Es gab einen Kummerkasten. Und ein heißes Thema: Darf ein Gatte seine Frau betrügen? Fürs Vorwort hatte der Herausgeber einen berühmten Schriftsteller gewonnen und der wagte sich weit hinaus. Er könne nicht glauben, dass Gott die Frauen nur gemacht habe, „damit sie Haushälterinnen und Köchinnen seien“, schrieb Daniel Defoe. Und dennoch. Nur wenige Wochen nach ihrem ersten Erscheinen im Jahr 1693 musste der Buchhändler John Dunton sein Frauenmagazin „The Ladies Mercury“ auch wieder einstellen. Mit seinem Projekt hatte er sich offenbar verhoben. Wohl auch mit seinem Versprechen: Welcher Mann kann schon auf alle „feinen und neugierigen Fragen der Frauen, seien sie Jungfern, Ehefrauen oder Witwen“, eine Antwort wissen?

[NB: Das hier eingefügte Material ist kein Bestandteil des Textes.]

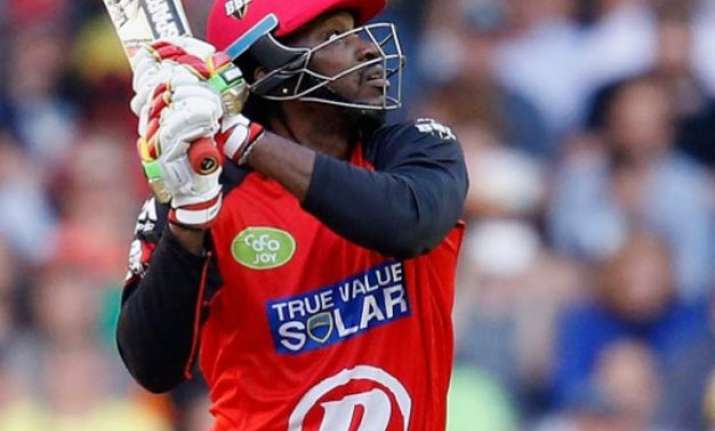 chris gayle smashes 50 off 12 balls equals yuvraj singh s
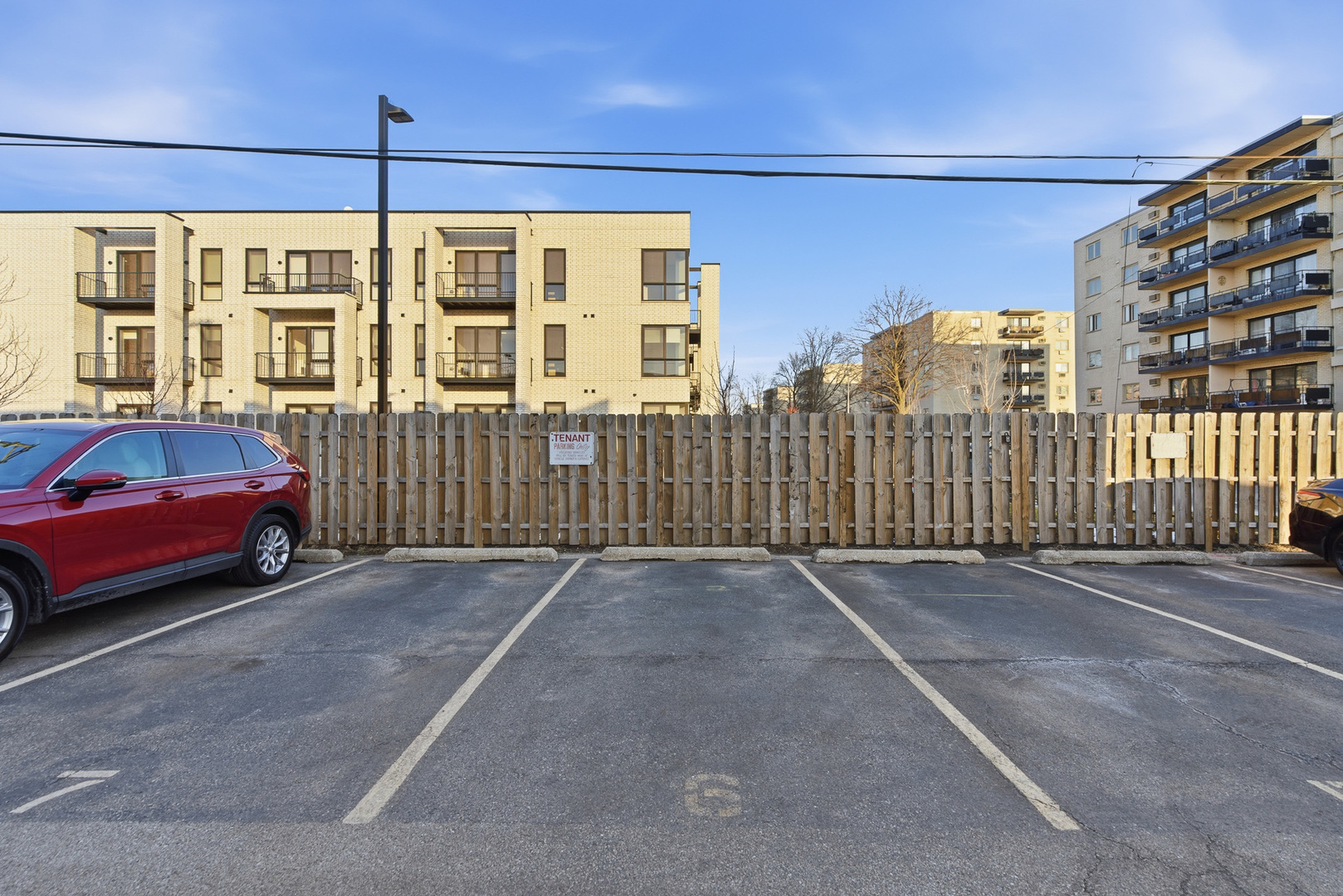 3001 N PARIS Avenue #207, River Grove, IL 60171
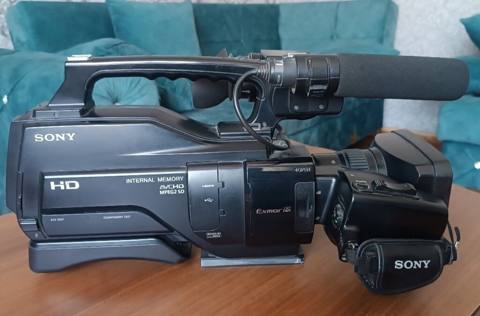 Sony 1500 HD kamera satılır Az işlənib yaxşı vəziyyətdədir.Real — Xaçmaz
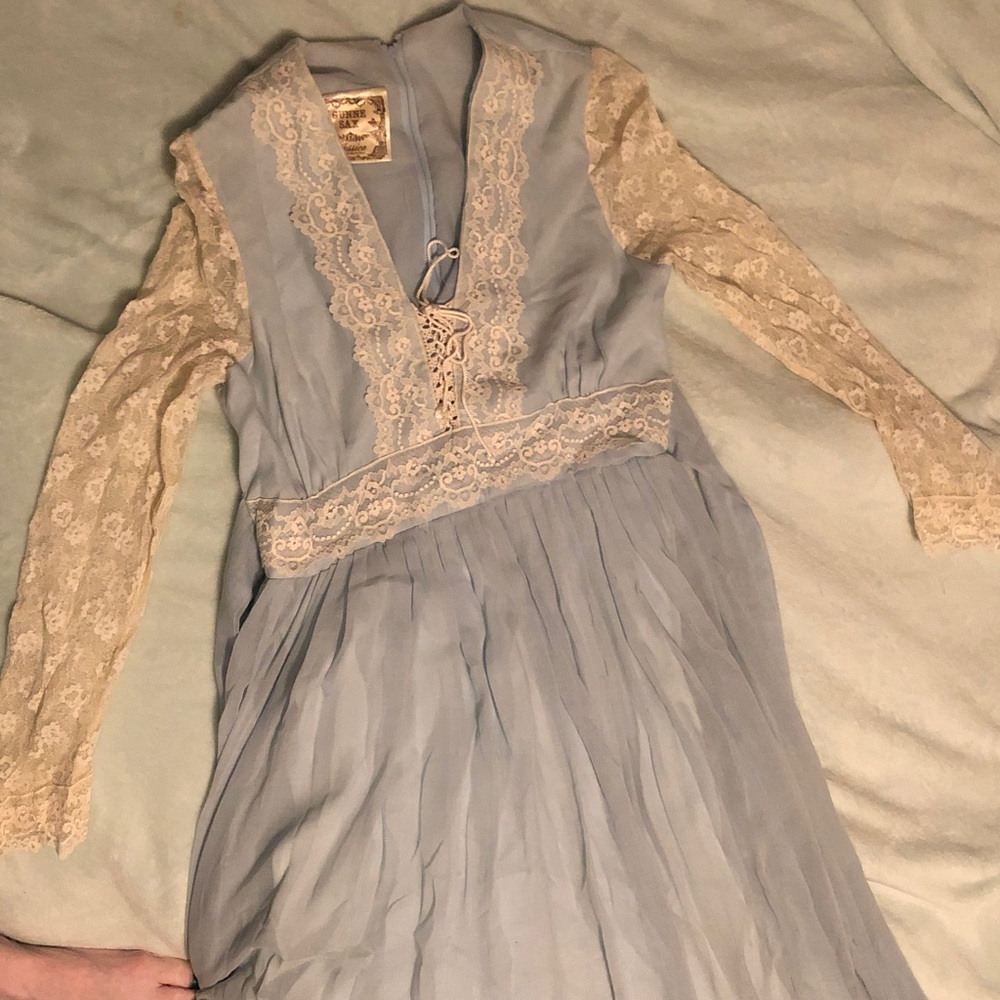 Gunne Sax vintage maxi dress with lace sleeves, zipper back and tie waist.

Zeitsprung, 320 Jahre später: Was einst mit „The Ladies Mercury“ als erster Frauenzeitschrift der Welt begann, hat sich zum bunten Blätterwald entwickelt. Fast 100 Frauenzeitschriften gibt es alleine auf dem deutschen Markt und Hunderte RedakteurInnen machen nun also das, was einst John Dunton im Alleingang versuchte. Sie beantworten Fragen, die Frauen eben so haben. Zum Beispiel diese: „Kann eine Beziehung zu dritt die Ehe retten?“ Ein Streifzug durch die Welt von „Brigitte“ und „Freundin“, „Vogue“ und „Cosmopolitan“, „InStyle“ und „myself“. Und ein paar Antworten.
Kleidung. Das erste K. Frauenzeitschriften lieben Ks. Dieses besonders. Kleidung steht so natürlich nicht da, sondern: Mode. Oder Fashion. Die wichtigste Modeentscheidung im Sommer lautet: Bikini oder Einteiler? „Jedes Jahr dasselbe“, klagt die „Für Sie“. Oder genauer gesagt Dora Heldt, die Bestsellerautorin. In ihrer Kolumne „Doras Welt“ findet sich jedenfalls ein Satz, der eine allgemeine Wahrheit des Frauenlebens enthält: „Bikinis anzuprobieren, macht fast jede fertig.“ Dora aber nicht. Sie trägt Einteiler. „Da fällt auch nicht auf, dass der Busen zu klein und die Beine zu kurz sind.“ Die Kolumnistin der „Flair“ ist dagegen noch unentschieden, wollte eigentlich erst dann zum Einteiler wechseln, wenn sie ihre Füße nicht mehr von oben sehen kann. Nun aber hat sie die neuen One-Shoulder-Modelle entdeckt. Klingt nach orthopädischem Ernstfall, bedeutet aber nur, eine Schulter bleibt blank! „Seitdem“, so gesteht die Kolumnistin, „lässt mir die Bademode 2013 keine Ruhe mehr.“ Solche Sätze! Muss man die ernst nehmen? Wälzen sich Frauen also nachts im Bett, überlegen sich, ob sie zum trendigen Einteiler wechseln, dessen „riesiger Ausschnitt dort endet, wo der Hollywood Cut beginnt“?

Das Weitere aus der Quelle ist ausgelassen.